Sometimes when a person eats at a restaurant, the restaurant will charge a "mandatory" gratuity, often applied to parties with a set number of people in them. Generally, the restaurant will inform the patron of this gratuity before the meal. However, in some cases, the restaurant will not tell diners until after the meal has already been concluded. In either case, the diner is not legally compelled to pay the gratuity.
The term "tips" is an acronym of the phrase "to ensure prompt service." Tipping a restaurant employee is not legally considered mandatory, but it is considered polite in many places, including the United States. Generally, diners will be left to calculate their own tips. A tip on a meal between 15 percent and 20 percent is considered polite. However, some restaurants assess "mandatory" tips on meals.

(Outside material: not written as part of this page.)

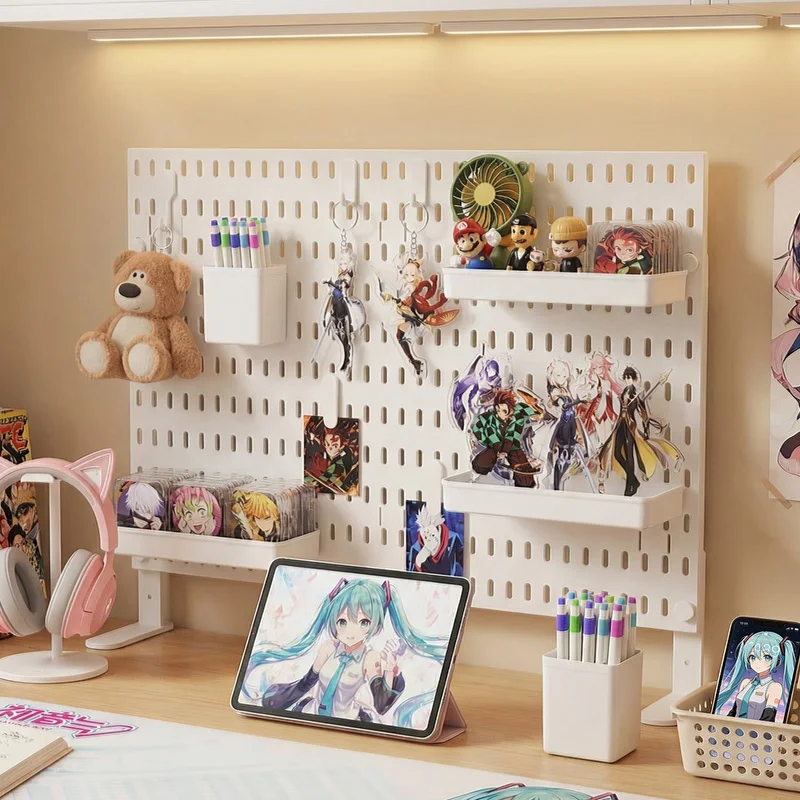 organizzatore-da-scrivania-personalizzabile-con-pannello-forato-senza-foratura-per-anime-gaming-statuette-portachiavi-badge-e-cancelleria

According to the "New York Times," a tip is not legally enforceable, even if the restaurant declares it mandatory. In 2004, a New York restaurant patron refused to pay a mandatory 18 percent gratuity on a bill and was arrested for theft of services. However, the judge found him not guilty, stating that the payment of a tip is not legally enforceable by a restaurant.

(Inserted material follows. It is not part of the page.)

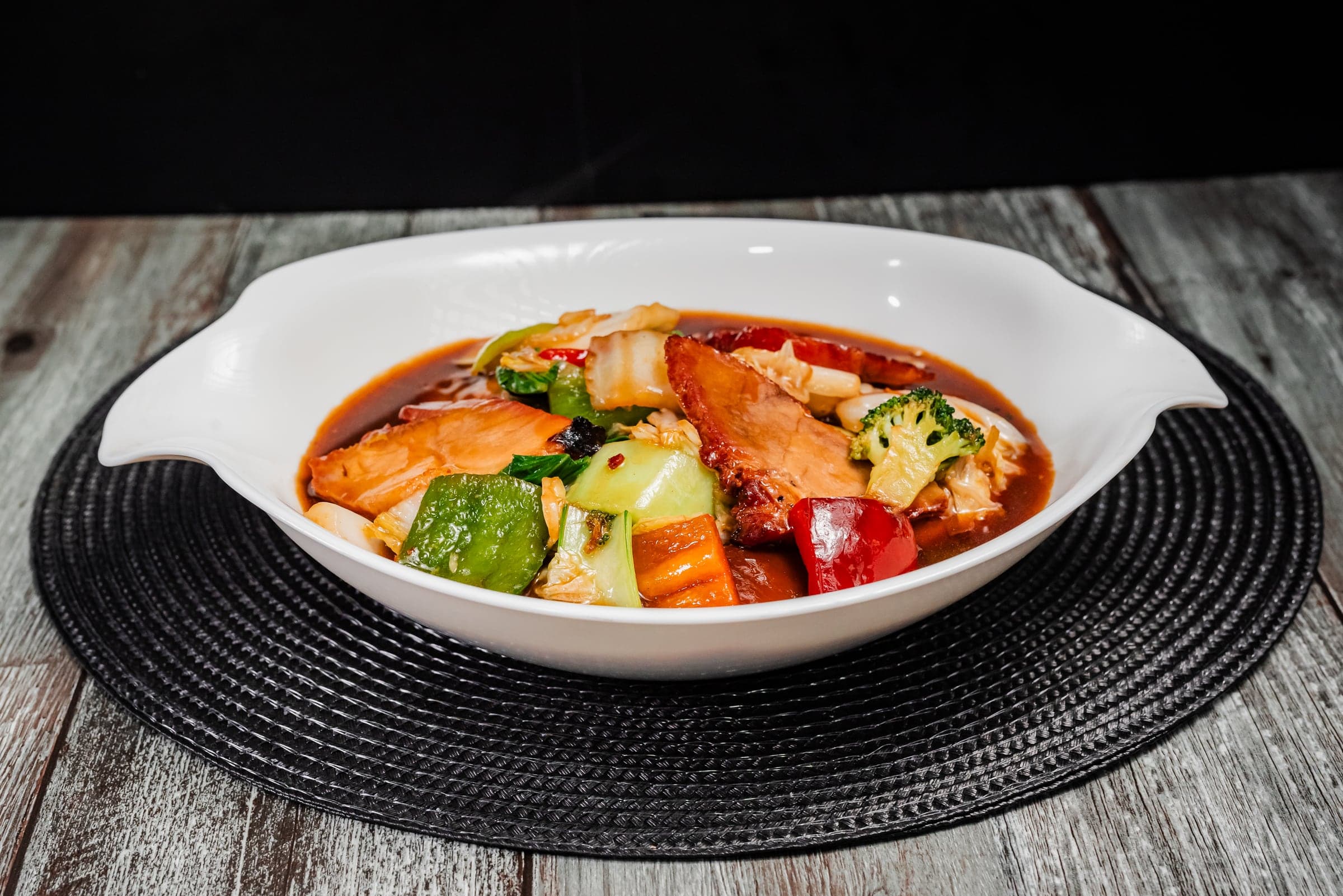Cerdo asado en láminas con verduras chinas al wok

While a restaurant cannot technically mandate the payment of a tip, this does not mean that the restaurant cannot charge another fee that resembles a tip but is given another name. For example, a restaurant can charge an 18 percent "seating fee" or "service charge" on large parties. This money is not technically considered a tip and is therefore legally enforceable. However, it must be announced before the party begins its meal.
While a tip may not be legally enforceable, a local police force -- or a local judge -- may see the matter differently. This means that even if a restaurant patron declares to the restaurant that it does not legally have to pay the mandatory tip, police may still be summoned and the person may still be arrested. Whether a restaurant will choose to press charges, however, is up to the restaurant.